Are you in need of a beta reader for this story?: I think just general critique. This is a very short piece.
It's 9:00 AM. I wait nervously at the coffee shop table, drawing patterns in the spilled sugar. I can feel every pump of my heart in its slow, clumsy rhythm and I wonder how much longer I will have to sit here, impatient for him to arrive. Another ten minutes pass and I pull out my journal.
It's an ungainly affair with a green leather cover emblazoned with a celtic knot and a long cord that is supposed to hold it closed, but just tends to get in the way. I flip open the cover immediately, embarrassed and unsure why I had purchased it in the first place. I had found it in one of the large book chains in my area, and I can't say what it was about the lurid green and overused symbology that had drawn me to it. It is far too late now to change my mind, anyway. The book contains every thought and feeling I've jotted down for the last six months and is half filled with my semi-literate scrawl.
I take out a stub of a pencil, holding it awkwardly because of its length.
I hate it when he's late. He doesn't understand how much his thoughtlessness hurts me.
I am hunched over my journal, scribbling furiously. I am aware of how I look - a chubby girl with emo hair and black nail polish writing in a journal, but I don't care about seeming like every other emo girl that sits in every other coffee shop writing in their journals decorated with little skulls or covered in lyrics from emo bands. As long as he still comes, I'm happy to be here writing in my journal, blending in with all of the other dark coffeeshop wallflowers.
Tucking my writing protectively under my arm, I go up to the counter and order a third cup of coffee. I don't need it. I can feel my stomach churn and my hands shake from the excess caffeine as I pay for my drink. The girl behind the counter looks at me pityingly as she takes the sweaty bills from my palm and I can't help feeling a small flare of hatred. She is punk cute with playful facial piercings and jeans slung low around her hips. Her mouth is soft and red and I smirk nastily, wishing she knew what the boys said about it when she was not around. Her face was saved from sharpness by that mouth, and men were fascinated by its over-glossed pomegranate curves.
I sigh and go back to my empty table for two.
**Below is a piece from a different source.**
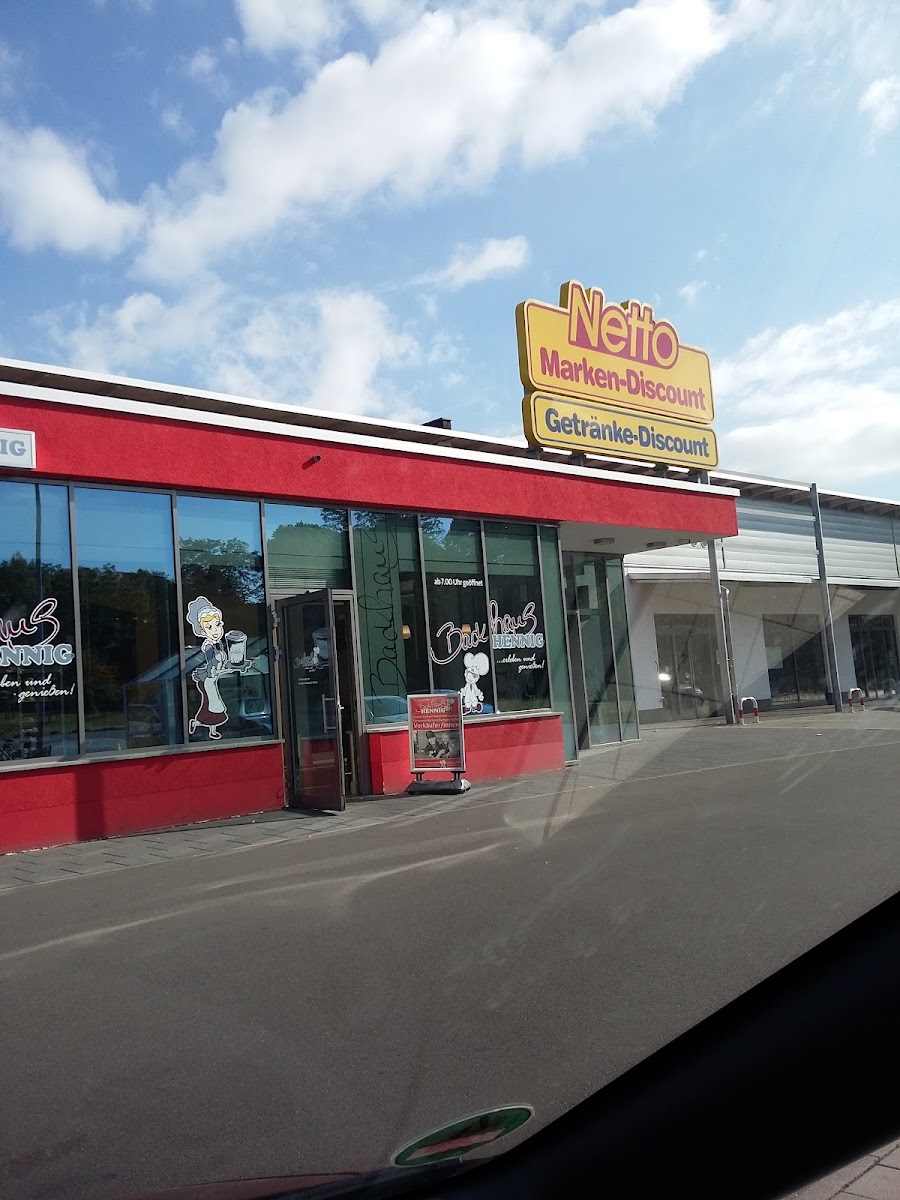 Netto Marken-Discount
I glance at the wall-clock. He's forty-five minutes late. Rubbing my eyes, I consider leaving but don't. Of course. I reopen my journal.
I'm having trouble drawing. My hands are shaking so badly from nerves and caffeine that all the figures I draw have a hesitant, hazy shadow around them - an effect from rapidly hashing out their shape with feathered lines. I decide I like their tentativeness and expand them, giving them dark eyes that jump off the page, but I am dissatisfied with it. I try to erase them and manage to smudge the rest of the drawing. Hissing in irritation, I slam my book shut.
I have a heavy feeling in my chest that he's not going to show up again. I've lost count of the number of times he's kept me waiting or decided not to come at all at the last minute. How many minutes of my life have I wasted sitting here, waiting for this asshole? I make up my mind suddenly that this will be the last time. I stand up and gather my things together and stalk out of the cafe, the ringing bell above the door the most familiar part of the soundtrack to my life. I hold my head up high, and walk almost jauntily back to my apartment.
I know that tomorrow I will be back at 9:00 AM hoping for a chance encounter with a boy whose name I don't even know. But for today, I am going to live with the fiction that I have liberated myself from this self-destructive cycle and be proud of my own inner strength.